Many high school text books, once converted to large print, can turn into three or more weighty chapter volumes. Multiply that by the number of books the average high-schooler requires in each class, the load can be cumbersome and create learning obstacles. The pilot program will replace the need for costly text enlargement and printing expenditures that in FY’ 12 cost CBVI an estimated $100,000.

“The Commission is eager to explore the viability of this single piece of technology as a learning tool for our students,” said Vito DeSantis, Executive Director of the CBVI.  “The Commission continues to evolve services, as appropriate, to ensure students’ academic success.”

The students and their families attended the training on how to use the iPAD with the assistance of the CBVI teaching staff.  The Commission provides educational services from birth through high school years to eligible children and their families. These services are designed to empower students who are visually impaired to participate equally with other students in regular classroom activities. The effectiveness of the use of the iPAD as an electronic book reader will be evaluated throughout this year. 

The training included hands on instruction during which the students learned proper care of the iPAD, how to operate the device, how to download useful applications, how to download books and how to use the tutorial websites. 

CBVI was established in 1910, after Helen Keller lobbied the New Jersey Legislature to develop and organize a state agency for residents who have vision loss.
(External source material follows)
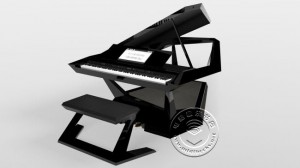 NAMM 2020展会：Roland（罗兰）发布超炫的未来概念三角电钢琴 GPX-F1 Facet（视频）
The Commission provides a variety of services, including educational, employment and independence training as well as prevention of vision loss and eye health.

For eligible students, CBVI teachers of the blind or partially sighted provide educational instruction up to the age of 21.  CBVI contracts with local school districts to provide comprehensive services, including the assessment and evaluation of a student’s visual abilities, and when applicable, provides instruction in Braille and related skills.
CBVI also will loan local school districts appropriate adaptive equipment and make aides and special educational materials available.